Records to process:
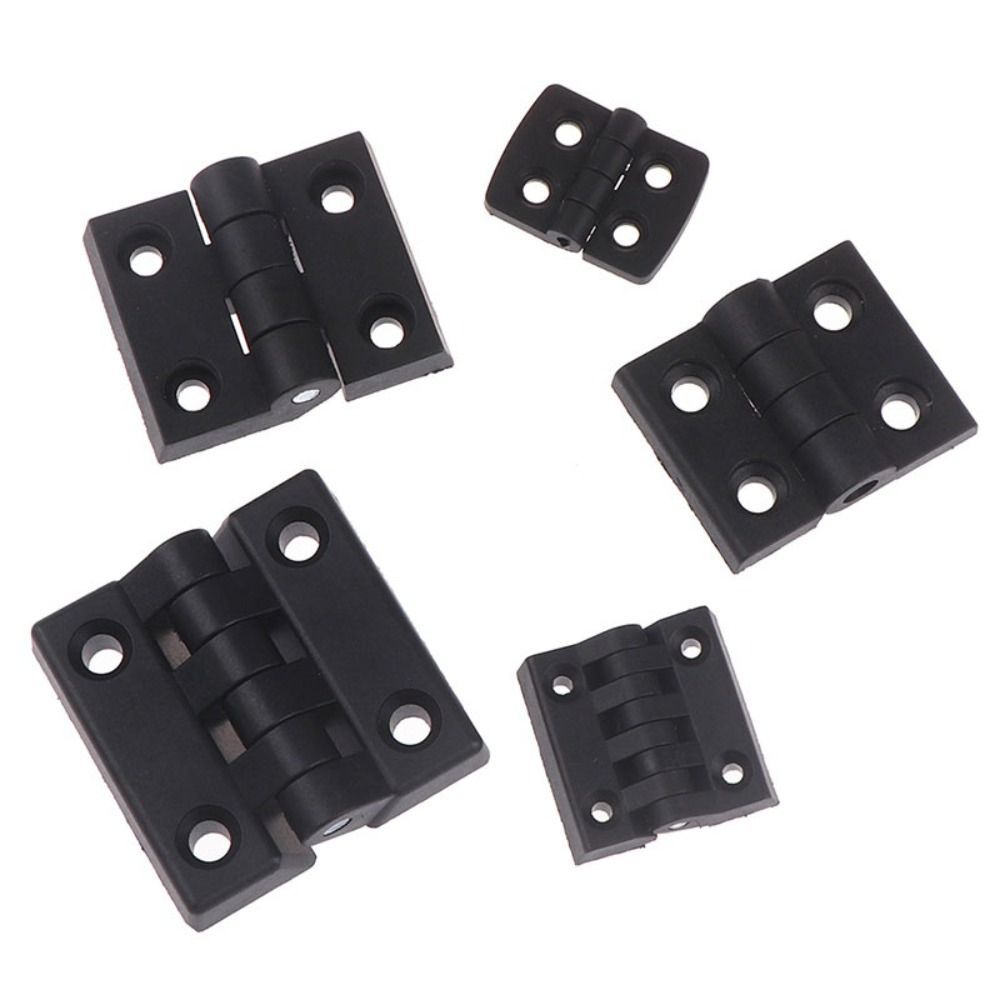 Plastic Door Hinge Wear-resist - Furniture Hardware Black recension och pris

* * *

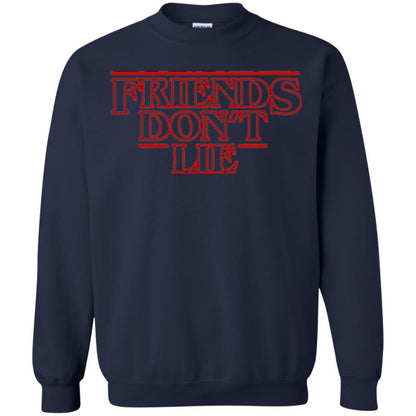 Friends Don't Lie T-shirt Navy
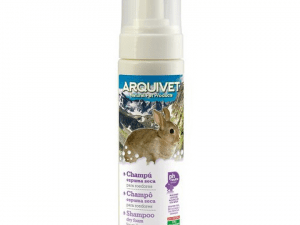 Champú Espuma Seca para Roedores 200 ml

==

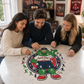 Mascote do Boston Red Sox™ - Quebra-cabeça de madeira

Work order:
Copy nothing but the lines above from the one with "Friends Don't Lie T-shirt Navy" to the one with "Champú Espuma Seca para Roedores 200 ml", inclusive, word for word. Leave every picture out.

Output of the task:
 Friends Don't Lie T-shirt Navy
 Champú Espuma Seca para Roedores 200 ml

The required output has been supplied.